An RL agent that learns to play Tic Tac Toe through value iteration. Inspired by Sutton and Barto's, "Reinforcement Learning - An Introduction". Can train an agent through self play, and then test that policy against a human. A human can directly play against an agent.
- Install requirements
pip install -r requirements.txt
- Run the program,
python main.py
This program was designed using OOP principles. A description of files is below.
- main.py - main program - run this from your terminal
python main.py
. - board_state.py (class) - manages the state of a TicTacToe game.
- agent.py (class) - an autonomous agent that will make decisions based on a policy and learn through value iteration.
- human.py (class) - helper class so that a player may interact with the game.
- game.py (static class) - play the game, determines if a game is over, and prints board state to the console.

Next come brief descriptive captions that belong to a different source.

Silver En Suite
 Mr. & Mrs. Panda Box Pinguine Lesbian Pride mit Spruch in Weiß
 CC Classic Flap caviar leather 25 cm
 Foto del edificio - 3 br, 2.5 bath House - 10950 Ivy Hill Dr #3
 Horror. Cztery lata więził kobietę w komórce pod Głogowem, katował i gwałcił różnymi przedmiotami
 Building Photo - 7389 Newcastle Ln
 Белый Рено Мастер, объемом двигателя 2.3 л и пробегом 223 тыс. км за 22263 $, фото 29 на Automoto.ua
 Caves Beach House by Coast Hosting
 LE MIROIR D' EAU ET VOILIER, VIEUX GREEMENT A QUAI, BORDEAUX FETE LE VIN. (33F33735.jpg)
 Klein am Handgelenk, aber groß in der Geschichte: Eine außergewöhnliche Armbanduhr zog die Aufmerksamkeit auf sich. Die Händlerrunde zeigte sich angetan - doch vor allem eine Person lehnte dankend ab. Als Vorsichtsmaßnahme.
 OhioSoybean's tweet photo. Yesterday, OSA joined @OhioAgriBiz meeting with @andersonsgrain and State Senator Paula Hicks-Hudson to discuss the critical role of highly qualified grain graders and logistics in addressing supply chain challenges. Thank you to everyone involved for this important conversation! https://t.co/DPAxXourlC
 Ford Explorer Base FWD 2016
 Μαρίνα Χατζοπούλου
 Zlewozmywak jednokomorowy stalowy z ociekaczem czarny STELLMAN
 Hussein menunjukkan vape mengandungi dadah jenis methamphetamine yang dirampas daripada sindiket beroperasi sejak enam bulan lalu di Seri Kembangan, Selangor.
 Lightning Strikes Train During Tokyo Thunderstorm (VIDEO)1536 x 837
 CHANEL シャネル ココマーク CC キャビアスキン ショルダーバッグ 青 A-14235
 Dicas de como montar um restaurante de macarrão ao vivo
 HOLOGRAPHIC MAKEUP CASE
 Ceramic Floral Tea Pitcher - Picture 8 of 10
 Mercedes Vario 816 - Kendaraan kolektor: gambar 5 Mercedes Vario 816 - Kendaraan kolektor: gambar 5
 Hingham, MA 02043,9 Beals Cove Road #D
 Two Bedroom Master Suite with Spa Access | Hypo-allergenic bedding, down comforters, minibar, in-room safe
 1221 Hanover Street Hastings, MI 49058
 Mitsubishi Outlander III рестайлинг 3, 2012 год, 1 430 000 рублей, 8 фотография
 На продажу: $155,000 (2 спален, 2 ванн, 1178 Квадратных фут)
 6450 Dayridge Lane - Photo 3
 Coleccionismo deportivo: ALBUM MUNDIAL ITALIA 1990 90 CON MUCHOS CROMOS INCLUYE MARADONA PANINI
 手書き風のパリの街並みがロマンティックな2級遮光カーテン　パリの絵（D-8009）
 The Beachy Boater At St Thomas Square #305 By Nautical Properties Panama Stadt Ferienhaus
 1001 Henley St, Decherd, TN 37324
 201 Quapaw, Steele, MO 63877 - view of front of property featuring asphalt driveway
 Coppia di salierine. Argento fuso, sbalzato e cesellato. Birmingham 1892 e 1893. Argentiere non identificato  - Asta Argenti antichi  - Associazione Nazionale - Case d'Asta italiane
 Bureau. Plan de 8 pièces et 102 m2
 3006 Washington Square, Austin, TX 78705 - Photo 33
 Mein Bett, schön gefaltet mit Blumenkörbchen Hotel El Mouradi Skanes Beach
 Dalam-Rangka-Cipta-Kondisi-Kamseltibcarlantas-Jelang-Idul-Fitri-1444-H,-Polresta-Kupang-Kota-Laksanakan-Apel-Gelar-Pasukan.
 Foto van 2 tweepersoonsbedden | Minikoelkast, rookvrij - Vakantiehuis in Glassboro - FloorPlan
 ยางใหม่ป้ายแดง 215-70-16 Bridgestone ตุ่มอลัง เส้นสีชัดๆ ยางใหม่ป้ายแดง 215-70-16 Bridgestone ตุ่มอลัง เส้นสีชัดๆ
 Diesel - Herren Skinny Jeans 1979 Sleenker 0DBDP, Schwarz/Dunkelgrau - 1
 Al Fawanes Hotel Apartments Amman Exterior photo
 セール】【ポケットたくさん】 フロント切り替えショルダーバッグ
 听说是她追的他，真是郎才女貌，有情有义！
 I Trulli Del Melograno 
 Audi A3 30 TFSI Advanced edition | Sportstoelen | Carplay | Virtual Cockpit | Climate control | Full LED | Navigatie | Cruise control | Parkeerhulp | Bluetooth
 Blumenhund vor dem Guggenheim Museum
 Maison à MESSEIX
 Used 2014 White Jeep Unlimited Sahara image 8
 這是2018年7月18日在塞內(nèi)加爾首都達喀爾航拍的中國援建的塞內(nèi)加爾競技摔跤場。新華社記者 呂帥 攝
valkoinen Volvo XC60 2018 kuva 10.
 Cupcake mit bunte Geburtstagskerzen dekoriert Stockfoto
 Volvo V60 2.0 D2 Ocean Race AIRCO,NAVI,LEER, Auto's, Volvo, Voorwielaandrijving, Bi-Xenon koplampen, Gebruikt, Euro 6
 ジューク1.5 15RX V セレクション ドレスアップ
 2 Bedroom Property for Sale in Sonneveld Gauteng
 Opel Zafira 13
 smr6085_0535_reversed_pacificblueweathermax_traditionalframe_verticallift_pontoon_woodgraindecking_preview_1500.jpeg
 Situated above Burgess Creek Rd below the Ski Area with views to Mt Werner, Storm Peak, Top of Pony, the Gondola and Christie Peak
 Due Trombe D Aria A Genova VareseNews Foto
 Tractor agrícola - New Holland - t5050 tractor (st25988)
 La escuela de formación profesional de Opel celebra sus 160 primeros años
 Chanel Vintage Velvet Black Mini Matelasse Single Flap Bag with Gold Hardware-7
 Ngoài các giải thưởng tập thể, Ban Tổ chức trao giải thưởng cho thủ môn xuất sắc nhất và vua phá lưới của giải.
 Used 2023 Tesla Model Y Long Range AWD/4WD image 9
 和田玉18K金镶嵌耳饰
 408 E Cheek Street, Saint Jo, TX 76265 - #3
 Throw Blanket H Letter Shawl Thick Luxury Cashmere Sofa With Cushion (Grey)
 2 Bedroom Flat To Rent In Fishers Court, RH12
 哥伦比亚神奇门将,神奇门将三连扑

Right now, an agent learns through TD(0) learning and value iteration. In order to acheive an optimal policy the agent must have been in each state multiple times. Although the state space of tic tac toe is relitively small compared to other games, through my experience this approx 200k iterations to train an optimal agent. Other approaches such as q-learning, DNN's and even non RL approaches are encouraged, such as game theory or evolutionary approaches. Forks, & merge-requests are encouraged.
See LICENSE, if used for academic purposes, please cite this repository.